Dünya çapında önümüzdeki 5 yıl içinde gözlemleyeceğimiz majör politik trendleri anlamak için, bu dönem İngiltere siyasetini takip etmenizi öneririm. Komşu ülkelerde yeni hükümetler kurulup (Hollanda) hızlıca devrilse de (Fransa), İngiltere’deki durgunluk aslında fırtına öncesi sessizlik. Görünürde pek de kayda değer bir şey yok. Daha geçtiğimiz sene, Keir Starmer önderliğinde İşçi Partisi ezici bir çoğunlukla hükümete geçti ve 14 senelik Muhafazakâr Parti egemenliğini bitirdi. Şimdiki kaos tablosu tam da bu zaferle başlamış oldu.
Çoğu yorumcuya göre, İşçi Partisi galibiyetini, Muhafazakâr Parti’nin çöküşüne borçlu. 14 yıllık hükmün ardından Muhafazakâr Parti’nin bıraktığı miras; ellerine yüzlerine bulaştırdıkları Brexit, sert tasarruf politikaları ve “marul skandalıyla” gündeme gelen başbakanlık görevlerinden ibaret.
Ancak siyasete yaptıkları en büyük hasar, şüphesiz aşırı sağ ile kurdukları ittifak oldu. Bu ittifak onlara Brexit sonrası seçim kazandırdı, ancak aşırı sağ politikaları da ana akım tartışmaların merkezine oturttu.
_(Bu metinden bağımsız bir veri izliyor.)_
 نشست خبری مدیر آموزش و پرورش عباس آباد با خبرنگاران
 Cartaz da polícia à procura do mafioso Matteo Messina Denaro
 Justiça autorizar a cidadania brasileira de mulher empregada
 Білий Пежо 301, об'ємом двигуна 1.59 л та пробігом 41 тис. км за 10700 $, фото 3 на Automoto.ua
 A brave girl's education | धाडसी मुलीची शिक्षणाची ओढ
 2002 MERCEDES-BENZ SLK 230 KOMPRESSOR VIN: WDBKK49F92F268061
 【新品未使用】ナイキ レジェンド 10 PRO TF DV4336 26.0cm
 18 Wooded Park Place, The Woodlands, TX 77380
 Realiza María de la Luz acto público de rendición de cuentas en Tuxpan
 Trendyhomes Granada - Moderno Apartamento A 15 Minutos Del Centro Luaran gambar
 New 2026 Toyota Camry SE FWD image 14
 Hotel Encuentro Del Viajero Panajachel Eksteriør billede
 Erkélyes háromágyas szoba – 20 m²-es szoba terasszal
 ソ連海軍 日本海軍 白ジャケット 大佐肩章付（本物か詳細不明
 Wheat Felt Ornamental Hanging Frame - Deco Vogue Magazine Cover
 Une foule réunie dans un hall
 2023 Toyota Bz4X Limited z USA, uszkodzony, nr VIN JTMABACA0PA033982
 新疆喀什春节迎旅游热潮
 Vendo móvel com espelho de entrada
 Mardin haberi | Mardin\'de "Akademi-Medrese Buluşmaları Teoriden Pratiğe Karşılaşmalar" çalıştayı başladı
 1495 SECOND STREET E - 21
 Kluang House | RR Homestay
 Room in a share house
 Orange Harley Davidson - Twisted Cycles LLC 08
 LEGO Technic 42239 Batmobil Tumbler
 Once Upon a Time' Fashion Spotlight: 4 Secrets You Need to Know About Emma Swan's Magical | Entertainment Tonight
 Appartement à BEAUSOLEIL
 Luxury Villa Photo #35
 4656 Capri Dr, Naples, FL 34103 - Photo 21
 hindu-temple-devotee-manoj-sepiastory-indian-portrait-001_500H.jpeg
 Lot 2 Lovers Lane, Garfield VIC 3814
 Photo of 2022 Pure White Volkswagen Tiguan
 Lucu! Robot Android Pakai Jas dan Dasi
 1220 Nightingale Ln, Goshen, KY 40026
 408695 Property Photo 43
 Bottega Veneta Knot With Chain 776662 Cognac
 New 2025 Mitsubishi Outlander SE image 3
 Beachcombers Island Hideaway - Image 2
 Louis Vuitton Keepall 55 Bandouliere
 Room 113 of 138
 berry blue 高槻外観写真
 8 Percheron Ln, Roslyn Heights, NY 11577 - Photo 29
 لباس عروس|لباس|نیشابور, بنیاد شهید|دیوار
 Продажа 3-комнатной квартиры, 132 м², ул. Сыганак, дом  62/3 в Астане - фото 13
Ve en nihayetinde, Brexit’in mimarı Nigel Farage, artan hayat pahalılığını göçmen karşıtı nefretle harmanlayarak, Muhafazakâr Parti’nin yarattığı bu yeni sağ seçmeni Reform Partisi’ne çekti. Merkez sağ böylece çökmüş oldu ve 191 yıllık Muhafazakâr Parti, günümüz anketlerinde dördüncü sırada yer alarak varoluşsal bir tehdide sürüklendi.
14 yıllık hüsranın sonucu olarak İngiliz halkının hükümete ana muhalefet partisini seçmesi pek de şaşırtıcı değil. İngiltere’de çok partili bir sistem var, ancak 100 küsur sene içinde İşçi Partisi ve Muhafazakâr Parti dışında hiçbir parti çoğunluk sağlayamamış. Çok uzak değil, henüz 2017 seçimlerinde bu iki partinin mecliste sahip olduğu toplam koltuk sayısı meclisin %80’inden fazlaydı. Bu ortamda İşçi Partisi’nin yüksek performansı hem muhalefete şans tanımak amaçlı hem de Reform’un oyları bölmesinden kaynaklı.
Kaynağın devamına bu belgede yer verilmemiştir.